In the studies presented in this thesis, we aimed to better understand the cellular innate immune responses in the liver during lymphocytic choriomeningitis virus (LCMV) clone 13 induced chronic hepatitis, and to establish the human-liver chimeric mice as model for chronic Hepatitis E virus (HEV) infections in order to study the intracellular innate immune mechanisms upon HEV infection.
In chapter 2 and 3, we aimed to unravel how the cellular innate immune system deals with chronic viral infection in the liver using the LCMV infection mouse model. In chapter 2, we described that early after LCMV infection a functional dichotomy is observed for inflammatory monocytes and F4/80high-Kupffer cells with respect to endocytosis, but their activation and cytokine gene expression profiles exhibit a strong resemblance. In addition, inflammatory monocytes exhibit a huge capacity for recruitment to the liver and plasticity dependent on the nature of the inflammatory signal, either viral or sterile. This suggests that inflammatory monocytes play a crucial role in shaping the inflammatory environment in the liver early after infection. In chapter 3, we showed that LCMV induces chronic viral hepatitis with limited intrahepatic cytokine and interferon responses during the chronic infection. Furthermore, we identified KC and IM as distinct cell populations before, during, and after chronic infection, with important differences in activation status, antigen presentation, and gene expression profile correlating with the presence of viral antigens. Overall, these data suggest that intrahepatic monocytes and KC play distinctive roles during chronic virus-induced hepatitis, which is crucial knowledge in order to develop new antiviral strategies aimed at eradicating chronic viral infection.

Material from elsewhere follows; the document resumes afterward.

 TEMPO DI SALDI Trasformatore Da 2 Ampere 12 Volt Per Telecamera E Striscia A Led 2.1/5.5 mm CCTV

In chapters 4, 5, and 6, we investigated Europe’s new hepatitis threat. Increasing numbers of endemic infections with genotype (gt) 3 HEV are observed in European countries. Unfortunately, no adequate in vivo model system exists to mimic this disease course, which hampers studies on HEV infectivity, transmission, and antiviral drug development. Therefore, in chapter 4, we explored and showed that human-liver chimeric mice can model chronic HEV infections. Humanized mice could productively be infected with clinical fecal, but not plasma, samples from several chronic HEV patients. In chapter 5, we described that HEV gt3 genomically adapted to in vitro culture, but that in vivo selection pressure in immune-deficient hosts was minimal. In chapter 6, we compared infection of HEV gt1 and HEV gt3 in human liver chimeric mice, and examined the intracellular innate immune responses in human hepatocytes upon infection. Despite higher viral loads for HEV gt1 in human-liver chimeric mice, neither HEV gt1 nor gt3 induced an intrahepatic innate immune response. Interestingly, treatment of infected chimeric mice with intracellular innate immune activating drugs pegIFNɑ, showed rapid clearance of HEV.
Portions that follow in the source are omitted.